Translator’s Note

Here we have the novelization of a form of media unnatural to humanity.  It consists of dozens of testimonies from characters previously unknown to the reader, many of whom have absolutely no understanding of their circumstances.  In short, this is quite possibly the most unified and coherent manuscript I have ever translated.

That was sarcasm.  Did you catch it?

Well, the simple truth is that it is business as usual for the Archon and the Matriarch: Weird art, weird sex and weirder politics.  Also, the science is questionable: I did, however, have a chance to speak with Dermot about Cüinn’s assertion that “the laws of thermodynamics don’t apply in all universes.”  This contradicts the one of the final theoretical suppositions of our era’s greatest physicist, Stephen Hawking.  Dermot replied, “Hawking was a genius, but he spent too much time looking at math and not enough looking at the world around him.  He thought it wouldn’t be elegant if all universes failed to behave consistently – that a variation in key physical constants would lead to the breakdown of scientific verifiability – and that colored his thinking.  Just observe any group of sentients – the phenomenon is especially pronounced in penguins, politicians and two-year-olds – and you’ll realize that there’s no such thing as consistent behavior.”

You see what I mean?  At least this tome contains two things of value.  First: the sublime thesis that the most effective means of seduction is to share the dessert which is the true manifestation of your inner soul.  Few women would disagree.

The second is the delightful calligraphy of the Honorable Theodoric del N’stl’d, Secretary to Her Eminence the Matriarch of Skarsia.  My expertise is, I grant you, limited, but I would still venture to say that his mastery of the emoticon is unsurpassed in all of human history.

In its original release, Cord’s wholograph bombed with its intended audience.  The average Cu’enashti could not be arsed to participate in an artistic experience that was not solely concerned with his or her Chosen.  But to the humans of the Domha’vei, A Gathering of Leaves became the media push sensation of the decade, breaking records and winning a number of prestigious awards.  The irony was clear to the era’s humanity – the phrase “Hand a wholo to a tree” became the equivalent of the current English phrase, “Casting pearls before swine.”

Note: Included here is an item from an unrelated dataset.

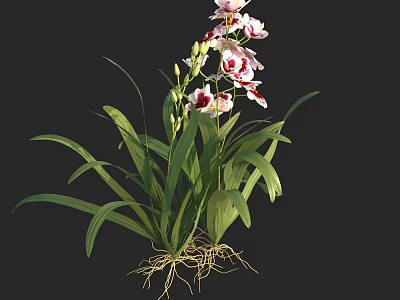 Beautiful Pink And White Orchid With Long Green Leaves And Visible Roots 3d model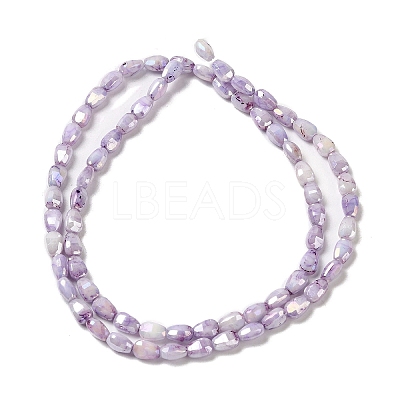 Electroplate Glass Beads Strands GLAA-D013-05F-1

As with The Chevalier’s Arbor, illustrations of the heraldic device are provided when each branch achieves knighthood.  These are my own interpretations, done with the assistance of public domain heraldry resources (with special reliance upon the illustrations of Graham Johnson as published in A Complete Guide to Heraldry by Arthur Charles-Fox Davis).

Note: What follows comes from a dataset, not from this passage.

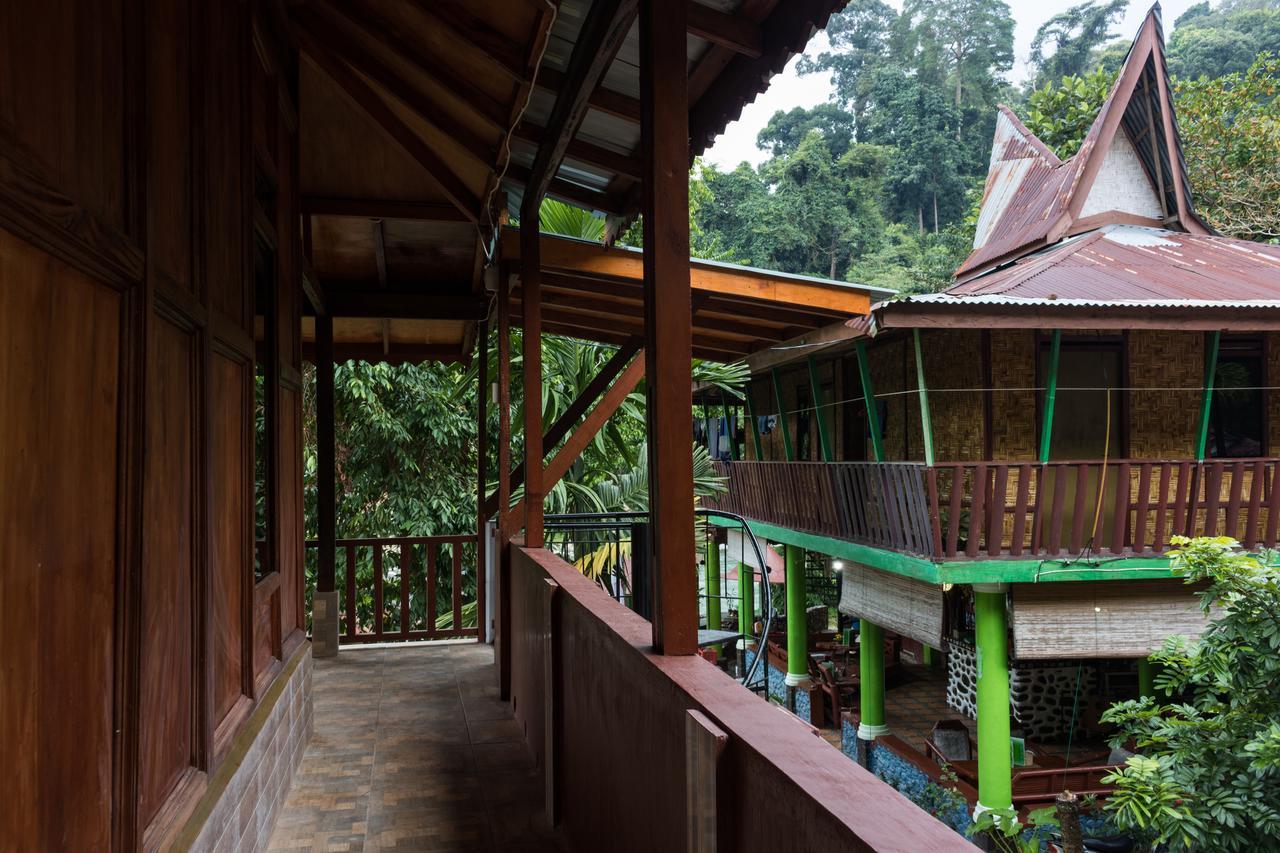 Rain Forest Guest House And Jungle Trekking Bukit Lawang Bagian luar foto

A note on quotation conventions: Conversations which occur in the material world (Universe Prime) as well as titles and quotations from documents are all delineated by using standard double-quotes.  Conversations which occur in the pleroma are indicated with double-angle quotes, and conversations using telepathy or chatburl are indicated with italics.  This is to allow the reader to distinguish who is capable of hearing when three conversations take place simultaneously.  Which happens more often than you’d like to think – I did tell you that it was a unified and coherent narrative, didn’t I?

This Special Edition Director’s Burl is replete with the kinds of extras and deleted scenes that sophisticated audiences have come to expect from auteurs who imagine you will pay money for media rather than getting a copy your cousin stream-ripped from Netflix.  For the online version, you will have the choice to proceed with the story as edited in its original release, or to jump to an “emanation egg” if available.  The emanation eggs take place between scenes and provide additional information which it was judged interrupts the flow and continuity of the narrative.  If you desire, the emanation eggs can also be read in order immediately after the narrative is finished (they are listed this way in the Table of Contents;  in the dead tree version[1] published book they appear in a section at the end of the novel).  Settle in with some Eden blue popcorn crème brûlée with cinnamon caramel nau’gsh sauce and enjoy this multimedia extravaganza.

– MC

[1] For some reason, my clients objected to the use of this colloquial phrase.